Italy seeks funds to save Nero’s Domus Aurea

Before it collapses

Italy appealed Wednesday for sponsors to help restore Emperor Nero’s Golden House, the Domus Area, in the heart of Rome, saying 31 million euros ($42 million) was needed to repair the majestic complex.

“This fantastic place, one of the symbols of ancient Rome, could become one of the biggest site attractions in the world,” Culture Minister Dario Franceschini told journalists as he showed them around the 16,000 square meter underground complex.

Remodelling the gardens

The palace, which has remained closed for visitors during the last decade, sits beneath a park whose mature trees have roots in the palace’s vaulted roof. Water from the heavy layer of soil seeps into the bricks and damages the frescoes. Archaeologists from Italy’s cultural heritage ministry have suggested removing the trees and tons of the soil, in order to construct a new, lighter garden designed to protect the ancient structure. Teodora Filippi, director of the Golden House, said the four-year project would be dedicated in large part to remodelling the gardens on top of complex in order to stop water damage.

Wild parties

Nero’s Golden House (the Domus Aurea) in Rome was a sumptuous palace complex which played host to the wild parties of one of Rome’s most notorious emperors. Besides using the finest marble and decoration such as fine wall-painting and gilded colonnades, the building was also a technical marvel with soaring domes, revolving ceilings, ornamental fountains and even waterfalls running down the walls.
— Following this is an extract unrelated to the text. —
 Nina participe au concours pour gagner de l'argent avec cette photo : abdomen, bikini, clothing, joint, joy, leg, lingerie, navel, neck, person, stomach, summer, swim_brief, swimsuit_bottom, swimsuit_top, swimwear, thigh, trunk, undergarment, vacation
Following the devastating fire of 64 CE which had destroyed large areas of the Aventine and Palatine hills, Nero decided to take the opportunity to build a huge new palace. To have enough space for the project the emperor – already unpopular due to accusations of a slow response to the fire and even possibly having started it – seized large areas of land owned by aristocrats and even carved into the Oppian hillside in the building’s rear. For the construction of the palace Nero turned to the architect Severus and the engineer Celer, already celebrated as masters of grand architecture, whilst for the interior decoration and wall-painting he turned to Famulus whose work would be studied centuries later by Renaissance artists. When the whole magnificent project was finally finished Nero declared with satisfaction: ‘Now I can begin to live like a human being’.

Enticing private sector participation in the restoration project

“The state is ready to contribute, I hope that a big company will join the project, ” Franceschini said, adding that he was appealing to both foreign and Italian businesses.

“This is an opportunity for a big company to sponsor an extraordinary project, which will capture the world’s attention. It would be scandalous if no one comes forward,” Franceschini told The Telegraph.

The state is offering a 65-percent tax reduction to entice private companies to help invest in the restoration of the eternal city’s public monuments, Franceschini said.

The government has already persuaded the private sector to help renovate other iconic landmarks. Luxury jeweller Bulgari announced earlier this year that it would help renovate the city’s famous Spanish Steps, while shoemaker Tod’s is financing works at the Colosseum and fashion house Fendi is sponsoring the refurbishment of the Trevi Fountain.